I donated my case some time back. It had a row of bulbs near the top front of the case. They were hidden from view. They were angled slightly to the rear of the case, not just downward. This way the light was directed towards the tables of the gems, and the gem tops were angled slightly towards the viewer. Greatest brilliance and dispersion was seen this way. The ceiling of my case had a mirror (plastic version) attached. Holes were cut in the mirror to allow for the bulbs and two ventilation openings. This helped spread the available light around the case. Paint your case ceiling white or a light color at least. Remember that the viewer is to see an even lighting throughout the case with no hot spots or bulbs showing.

Prongs holding the gems in a case have been a problem for me. Judges would often put remarks on my score sheet that the prongs were too high, casting long shadows on the risers, or that the prongs were not uniform and neatly made – they were distracting.

Well, my advice is to FORGET PRONGS ALTOGETHER. Unless the rules state that prongs are to hold the gems, just place your gems directly on the white velvet risers. Prongs also are a problem when you go to attach or detach them from the gems. You are sure to damage the girdle or some facet as you handle metal to gemstone. The gem may even pop out and hit the concrete floor. Prongs will keep you out of the running in the Masters and International Faceting Challenge competitions. If you do use prongs in your case: have them short, neatly made, and angled slightly towards the viewer.

Labels are critical in judging. Go over the Uniform Rules to be sure of what is required for labels in the division that you are competing in. They do vary. Use the sources they recommend for correct spelling. There is no excuse for errors in spelling. There is no excuse for giving a name to a gem when it is really of some other species. I lost a chance of a trophy one time because of a label error. I called the gem out as it is known by anyone taking the G.I.A. colored stone course. But that was not what the Uniform Rules required. You have to watch things like your gem faceted of GGG which must be labeled as G.G.G., otherwise you will lower your score.

I think the label area is one that the AFMS should do some new work with, to make clearer what it is that they want, so we can all follow their wishes. As it is now, you will have to pay a lot of attention to what you put on labels.

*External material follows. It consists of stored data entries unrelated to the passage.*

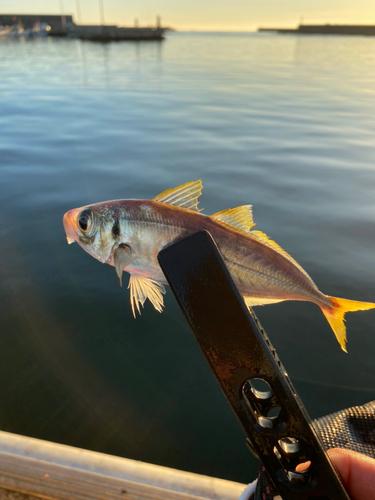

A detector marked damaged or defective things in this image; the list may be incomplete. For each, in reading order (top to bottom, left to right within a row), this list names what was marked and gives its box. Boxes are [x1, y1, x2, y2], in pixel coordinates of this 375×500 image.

rusty metal tool [159, 230, 352, 500]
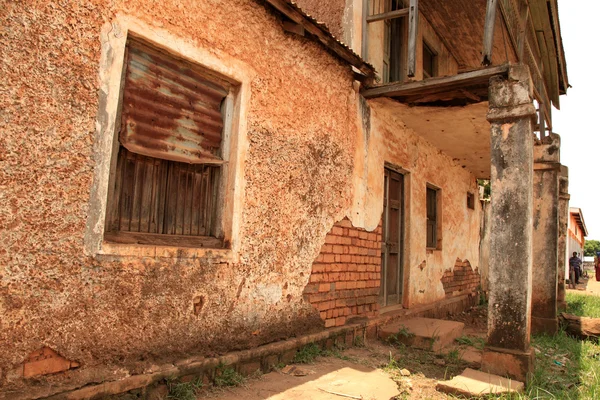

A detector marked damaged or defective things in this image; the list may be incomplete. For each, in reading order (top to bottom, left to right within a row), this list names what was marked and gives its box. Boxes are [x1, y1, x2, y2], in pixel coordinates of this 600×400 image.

rusty corrugated shutter [119, 40, 227, 164]
rusted metal roof [119, 39, 227, 165]
rusted metal roof [262, 0, 376, 79]
peeling plaster wall [0, 0, 356, 394]
peeling plaster wall [360, 98, 482, 308]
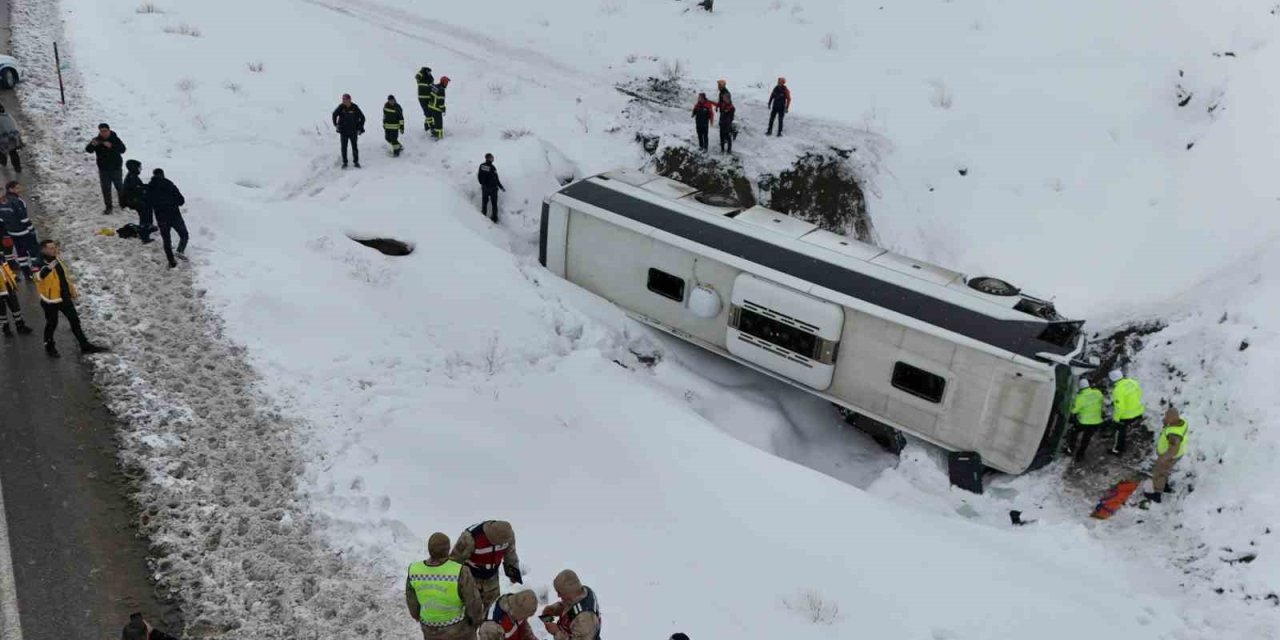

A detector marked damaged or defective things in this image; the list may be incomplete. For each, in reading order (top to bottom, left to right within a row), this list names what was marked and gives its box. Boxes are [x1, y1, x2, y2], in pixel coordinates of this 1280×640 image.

Have your labels typed neatly, with borders cut to just clear the typing. This means that the labels will be of different sizes. Use a paper which is thick enough so that the labels do not curve from heat inside the ease. Do not put additional information on the labels because it will be judged. Be sure you do not miss-spell words. Just put on the required information. Have the lettering readable. Do not use script style lettering. I would avoid outlined borders or unusual edges on the labels.

I have experimented in the label area a lot. I have come to the conclusion that white is the best color. Be sure to carefully proof read your labels for accuracy, and for goodness sake, do not put them in front of any other gem but the correct one. When you do place them in the case do so by laying them flat on the risers. That way they will not get out of line if the case gets bumped.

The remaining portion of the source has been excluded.